Recently, I've been considering a return to academia, but I've struggled with choosing the right direction. I now recognize that there are many angles to get at the same questions, and I want to be sure that any program I pursue has a good perspective on how different fields of inquiry fit together.

One of my main concerns is the apparently persistent divide between science and humanities. I appreciate much of what I've seen at conferences and such, but I often feel that the bias for certain angles of study is greater than what would be expected just because people have their particular specialties. Humanities folks (a group which includes the majority of music-related researchers) seem to make everything about culture. Of course, there have been countless debates about universals versus cultural differences, debates about different approaches to scholarly inquiry, debates about nature versus nurture, and so on. There is enough material for scholars to make entire careers out of just studying the history of these debates as a meta-topic. Trying to make sense of all of this, I've developed my own framework to address the different angles of inquiry, and that's what I going to describe here.

My interdisciplinary framework

The deep questions most of us have are basically about understanding the nature of our own experience. We will never be able to know or explain everything, of course. But while our abstract models are imperfect, they may still be useful.

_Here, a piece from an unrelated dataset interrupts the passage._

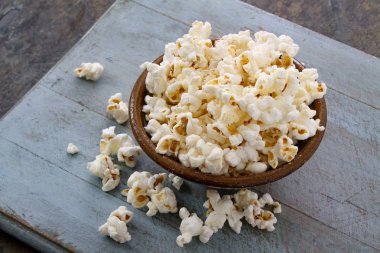 kase taze patlamış mısır snack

The figure to the right is a diagram of an intellectual framework which I find useful for contextualizing understanding, research, and experience. I don't think any element here is overall more or less important than the others. To reasonably explain any of our experiences, all these levels need to all be acknowledged.
The figure represents a hierarchy of unidirectional restrictions. We live in the inner circle and only experience the outer levels indirectly. We necessarily experience and understand physics through our subjective and culturally-influenced perspectives. Yet while culture influences physicists, culture cannot alter the basic physical laws of the universe. Physical reality imposes absolute restrictions on the possibilities within all the lower levels, not vice versa.